SOLVED

Trying to make sense of the assessment statistics

Contributor

I trained a brain and was looking at the assessment statistics, and I couldn't make heads or tails of what it actually was showing as there was seemingly conflicting results. I tried looking at the help pages for the Assessment UI and the Goal definitions but it didn't answer my confusion. Maybe someone has an idea.

 

I trained using a curriculum that had 6 goals: 2 avoids, 3 drives (all using "within") and a minimize. At the end, in the automatic assessment statistics, it reported the following (same as in the attached image of the charts):

 

==========================================
|          | Success | Satisfy | Satisfy |
| | rate | min | max | ========================================== | Overall | 60% | 95.22% | 100% | ------------------------------------------ | Avoid #1 | 100% | 100% | 100% | ------------------------------------------ | Avoid #2 | 100% | 100% | 100% | ------------------------------------------ | Drive #1 | 100% | 100% | 100% | ------------------------------------------ | Drive #2 | 86.67% | 99.78% | 100% | ------------------------------------------ | Drive #3 | 100% | 100% | 100% | ------------------------------------------ | Minimize | 66.67% | 71.3% | 100% | ==========================================

How it possible to have an overall success rate of 60% when none of the individual objectives have a success rate that low, let alone a minimum satisfaction at/below below 60%?

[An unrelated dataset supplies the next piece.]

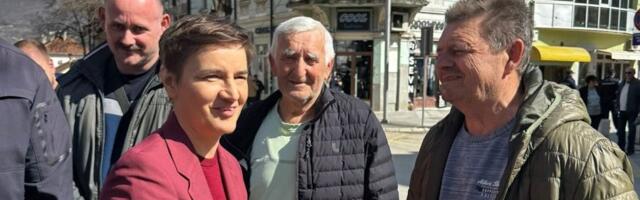 Brnabić iz Bajine Bašte: Setite se svega što ste prošli tokom blokada i glasajte po svojoj savesti 29. marta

A similar confusion is with Drive #2 and Minimize.

 

From the help pages, I know that the success rate is "the fraction of episodes in an assessment where the AI achieves the objective" and a "satisfaction of 100% means the AI successfully completed the objective". But I don't see how these aren't correlated more closely. For the overall stats, does this mean the brain "completes" the objectives [95.22, 100]% of the time but can only "achieve" them in 60% of the episodes...?

 

Thanks for any input.

 

 

2 Replies
best response confirmed by TWolfeAdam (Contributor)
Solution

@TWolfeAdam thanks for posting the question.

 

Let me start by defining a couple of terms, in case our documentation wasn't sufficiently clear.

 

The "success rate" is a measure of the % of episodes where that objective was achieved. Each assessment pass typically involves 30 episodes, so if an objective is achieved 15 out of 30 of those episodes, the success rate for that objective would be 50%. Note that "success" and "failure" is a binary determination within each episode.

 

The "overall success rate" indicates the % of episodes where _all_ objectives are achieved. In the stats that you posted, your overall success rate was 60%, which means that in 18 out of the 30 episodes, all six objective succeeded, but in 12 out of the 30 episodes at least one of them failed. Looking at the per-objective stats, we can see that these failures were all due to "Drive #2" and "Minimize" objectives, which the policy is still struggling with.

 

When we were designing the "goals" feature, we realized that the binary nature of success rates (either success or failure) failed to provide a clear picture of the policy's progress as it learned. For example, if a "drive" objective manages to get very close to the target region, that's much better than if it fails to get close. Yet, both cases represent a "failure" when calculating the success rate. For that reason, we came up with another metric called "goal satisfaction". Rather than being binary (succeed or fail), the goal satisfaction metric is a score from 0% to 100% that represents how well the policy did on that objective during the episode. If it got really close to achieving the objective, it might get a goal satisfaction of 95% even if it ultimately failed.

 

The exact formula for goal satisfaction varies by objective type (reach, drive, etc.), but you can assume that goal satisfaction numbers should continue toward 100% as the policy improves during training. If you see these numbers plateau short of 100%, then you know the policy is struggling to learn. If you see a broad distribution of goal satisfaction scores, then the policy is still learning how to handle certain parts of the state space.

 

The "Satisfy min" and "Satisfy max" columns indicate the range of the goal satisfaction scores that were seen over 30 episodes. If you want to see a full histogram of goal satisfaction scores, you can click on the assessment results in the UI.

 

I hope that clarifies what you're seeing.

 

Please keep the questions and feedback coming!

 

 -Eric

Hi Eric,


Please excuse my large delay in responding, but thank you so much for your thorough response! It is now entirely clear what these are reporting and why both are significant in their own way. Your explanation has really aided in the experimenting that I'm doing and has vastly improved the usefulness of these metrics!

 

If it's wanted/of any use, here's some feedback in the form of what I think played into my confusion: I initially assumed they were used casually (and thus interchangeably). What may add to this is their visual proximity to one another - as in, the success card is grouped in with the satisfaction related cards (it's 'touching' both of them), so you can't mentally draw a straight line separating the two. Oddly, I also feel like both starting with "s" adds to my brain's intermingling of them.

 

I realize though that refactoring the UI or changing the words used is no small feat. The only (relatively) simple fixes I can think of is improving the explanation in the relevant help article (I find yours to be exponentially more clear), or a little information-symbol with a little blurb in the hover popup.

 

Anyway, thank you again!